= Problem details =
Below are some records. Write out exactly their lines from the one with "2108 Lacrosse Avenue, Saint Paul, MN 55119" through the one with "Casual Luxury Bangle", and leave the pictures behind.

Entries supplied Block Start

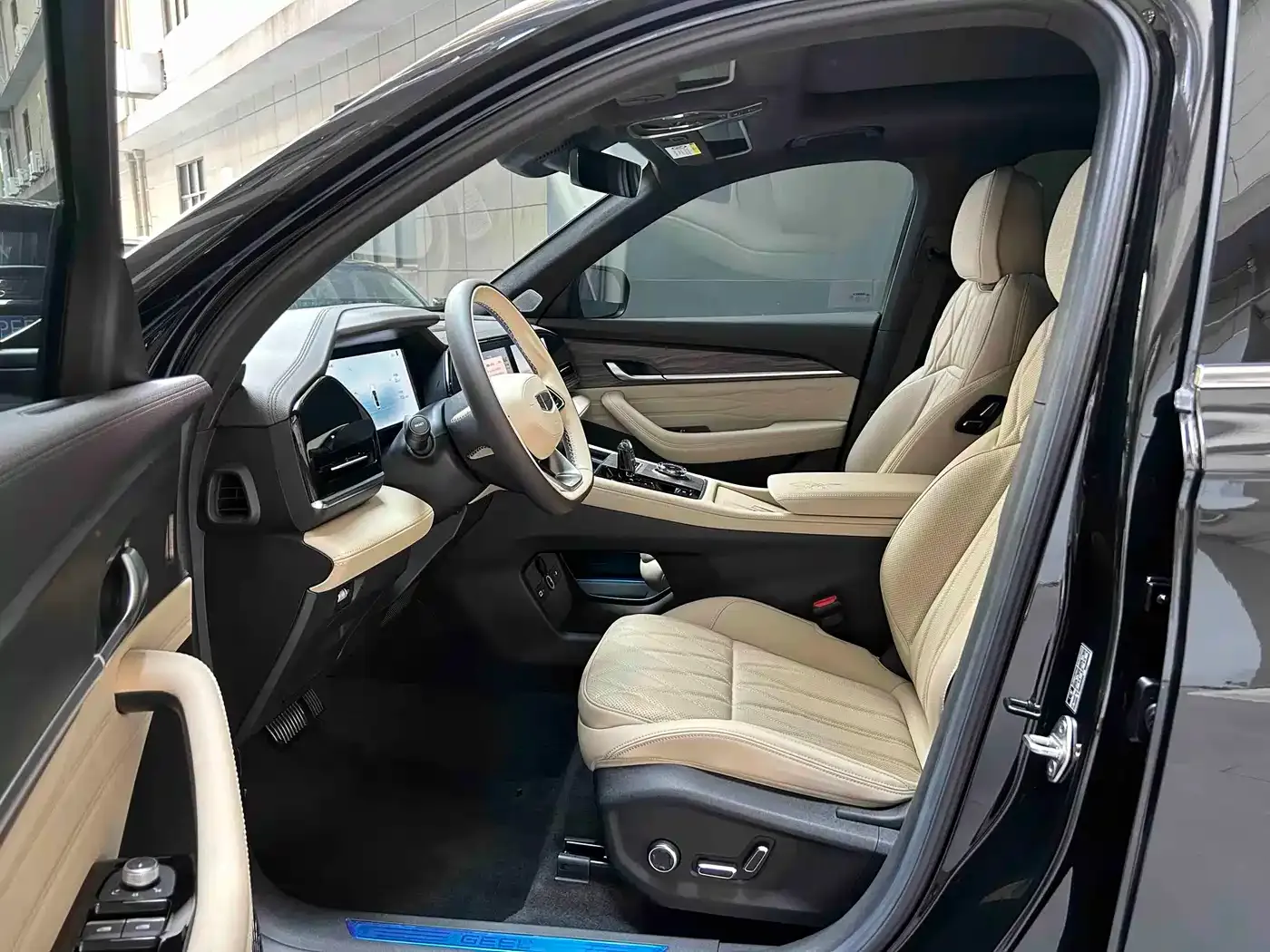 Geely Xingyue L Oriental Glory 2.0TD Automatic Star Collector Edition 2025 — фото 17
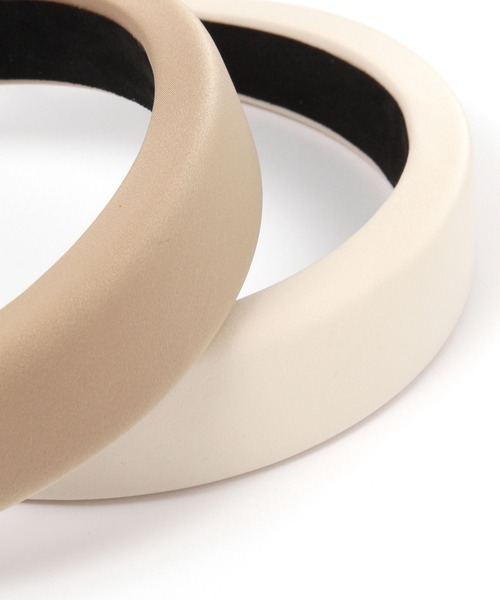 LAKOLE（ラコレ）の「サテンカチューシャ / 269853（カチューシャ・レディース・ブラウン/ブラック/ベージュ/グリーン/ブルー・FREE）」の9枚目の写真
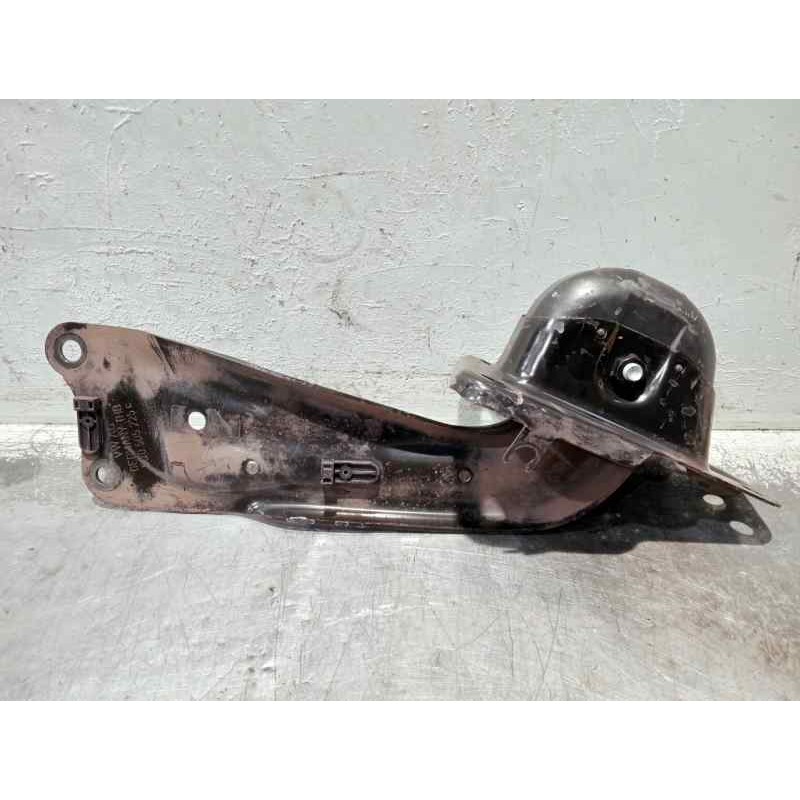 Recambio de brazo suspension superior trasero izquierdo para seat leon sc (5f5) referencia OEM IAM 5Q0505225C  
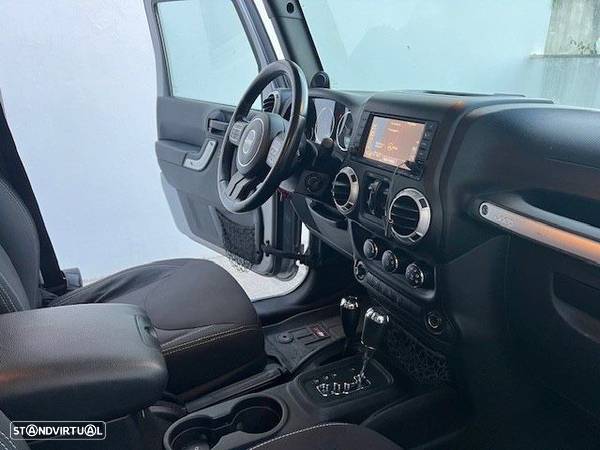 Jeep Wrangler - 15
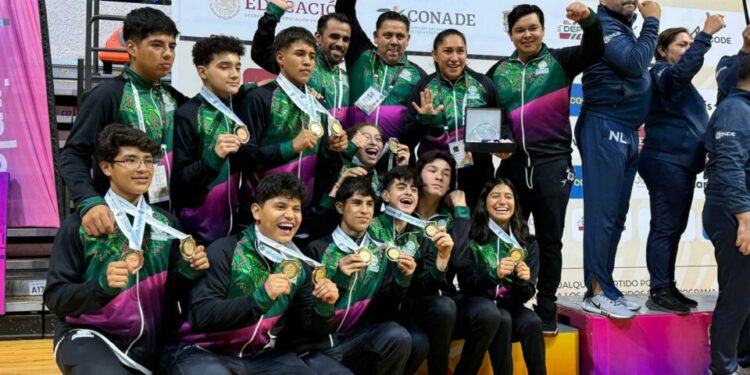 Reconocen a San Luis Potosí como segundo lugar nacional en karate de Juegos Nacionales CONADE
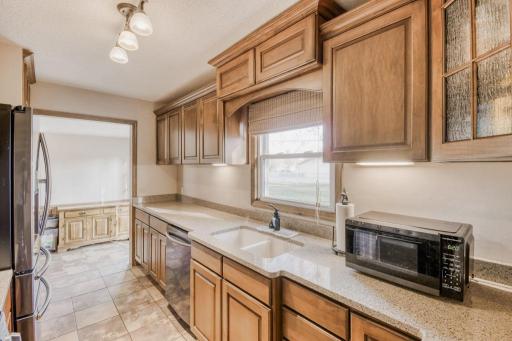 2108 Lacrosse Avenue, Saint Paul, MN 55119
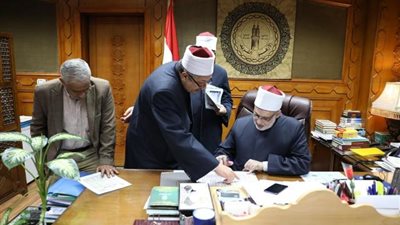 وكيل الأزهر يعتمد نتيجة الشهادتين الابتدائية والإعدادية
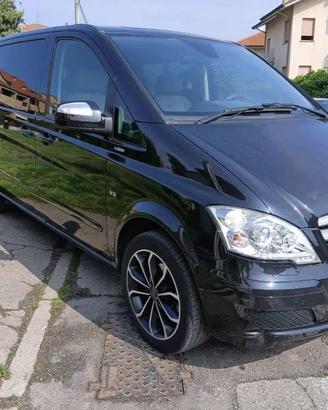 2011 Mercedes-Benz Viano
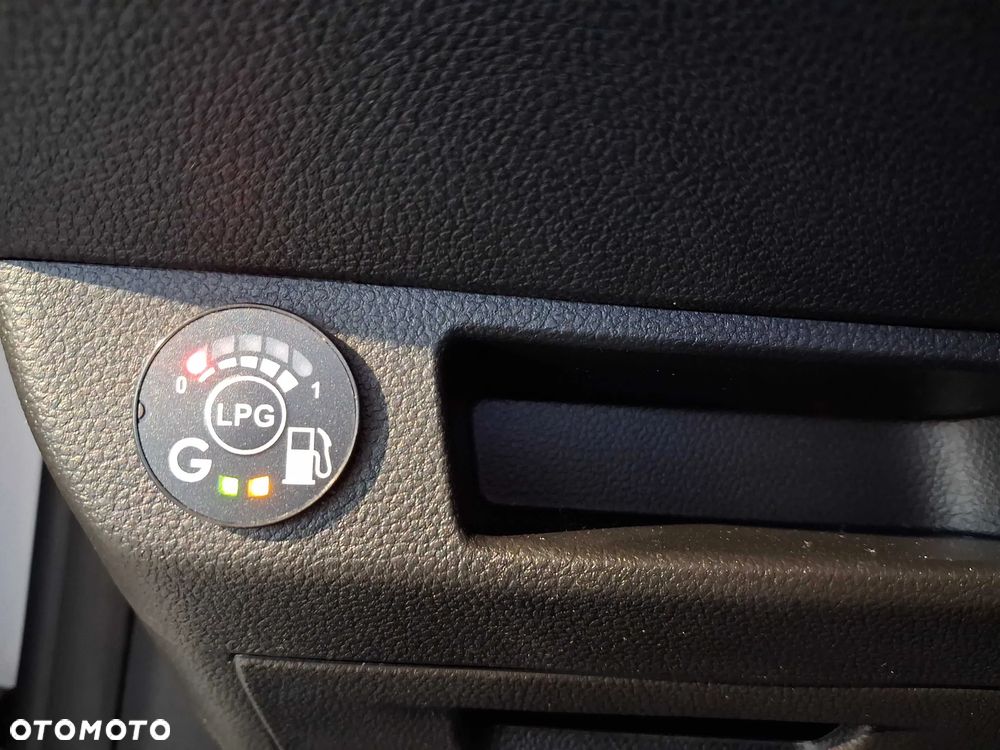 Mitsubishi Colt 1.0T Invite - 14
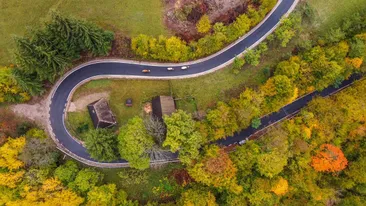 Șoferii români vor fi nevoiți să plătească o nouă taxă pentru a avea acces în anumite zone ale orașelor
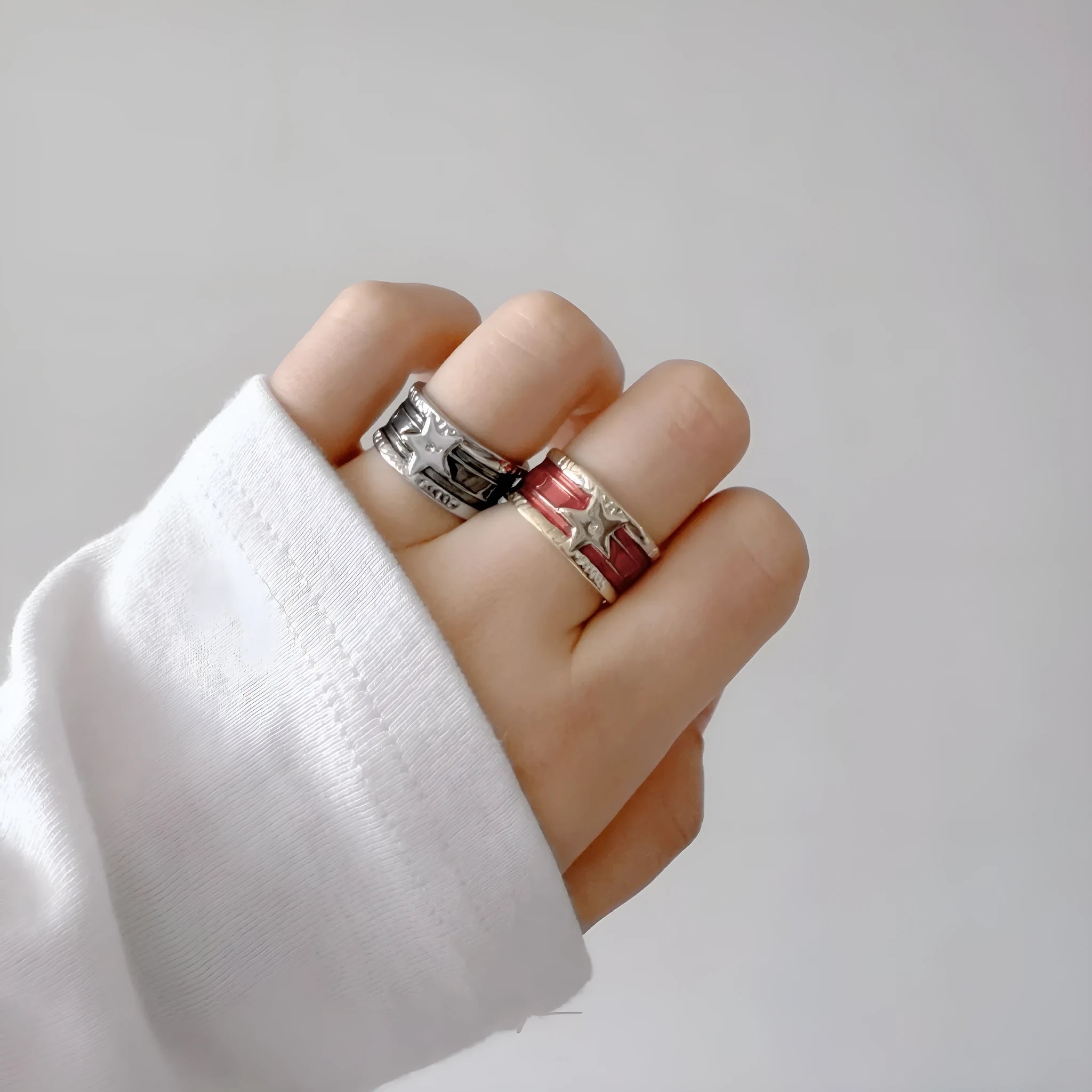 Adjustable retro distressed drop oil ring with geometry design and line elements on copper
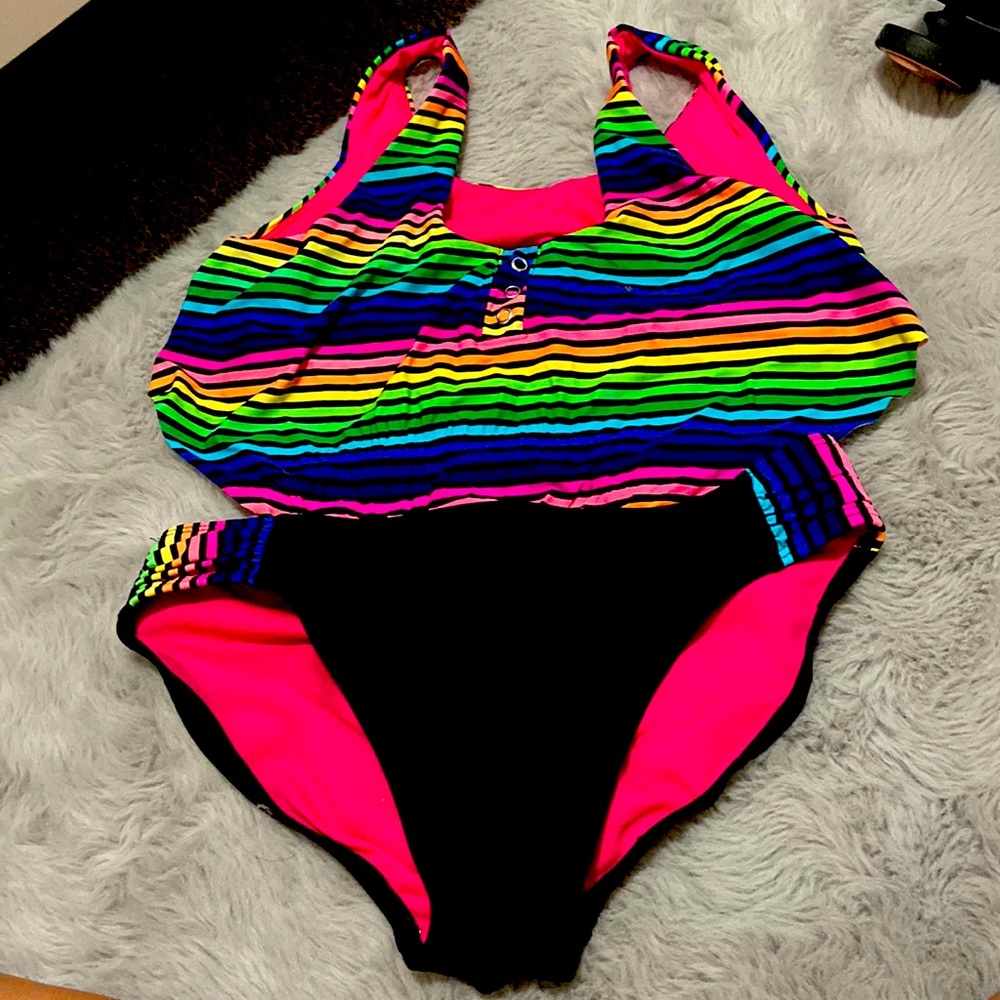 Multiple colors from Walmart and the size is an extra large and juniors 14 to 16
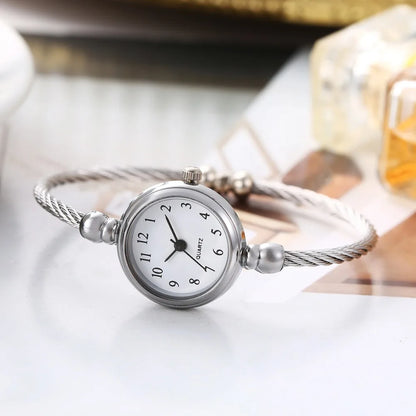 Casual Luxury Bangle Bracelet Retro Alloy Quartz Watch Wristwatch Chain Watches Ladies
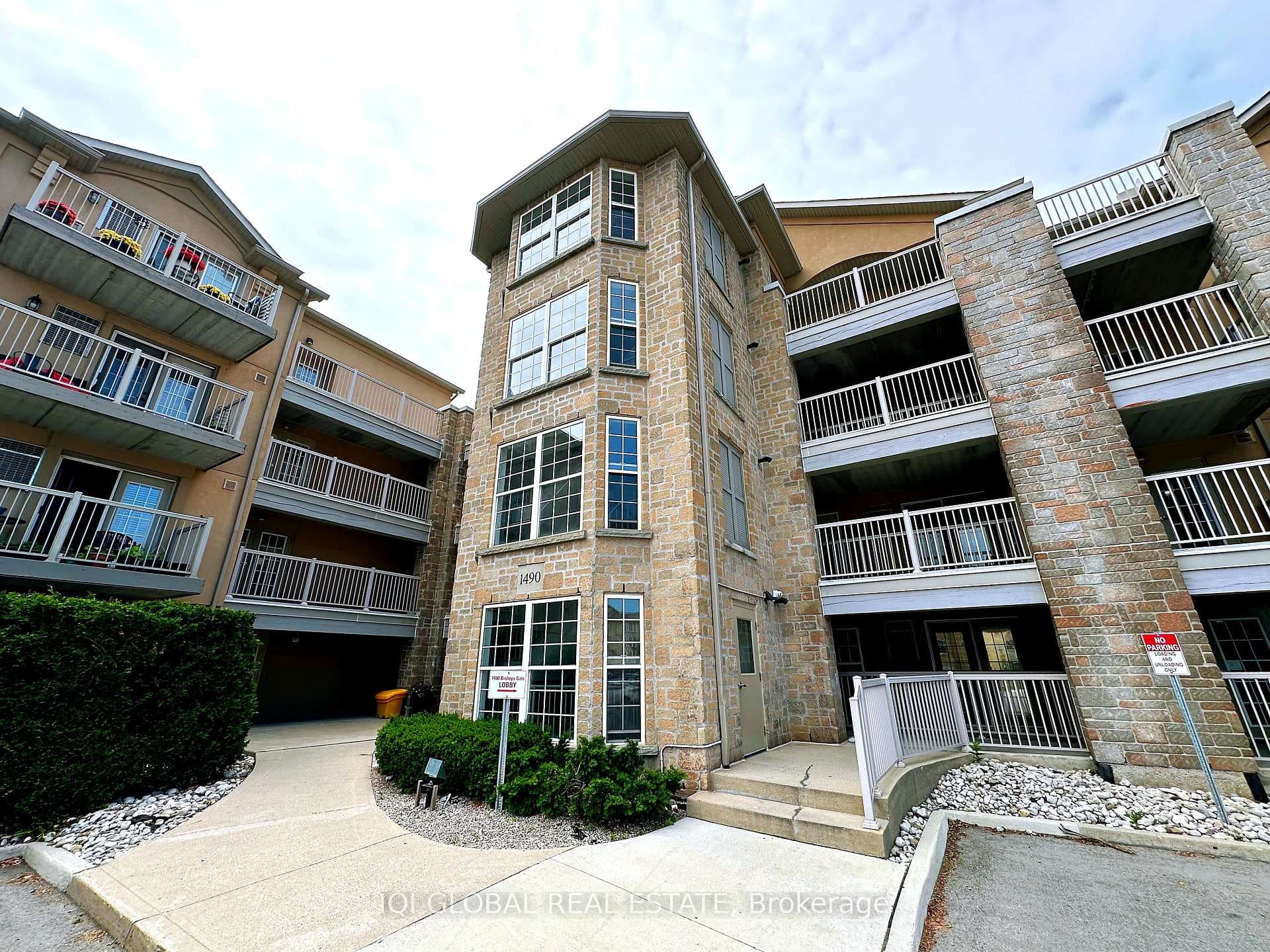 1490 Bishops Gate Unit 110, Oakville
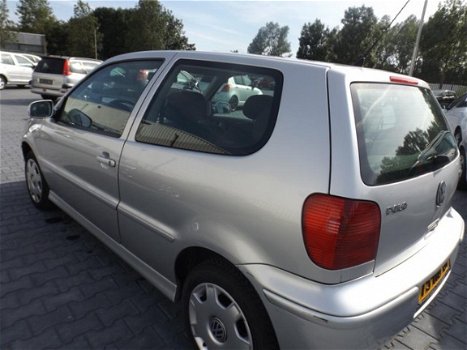 Volkswagen Polo - 1.4 16V 75pk - 1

Entries supplied Block End

= Exercise result =
 2108 Lacrosse Avenue, Saint Paul, MN 55119
 وكيل الأزهر يعتمد نتيجة الشهادتين الابتدائية والإعدادية
 2011 Mercedes-Benz Viano
 Mitsubishi Colt 1.0T Invite - 14
 Șoferii români vor fi nevoiți să plătească o nouă taxă pentru a avea acces în anumite zone ale orașelor
 Adjustable retro distressed drop oil ring with geometry design and line elements on copper
 Multiple colors from Walmart and the size is an extra large and juniors 14 to 16
 Casual Luxury Bangle Bracelet Retro Alloy Quartz Watch Wristwatch Chain Watches Ladies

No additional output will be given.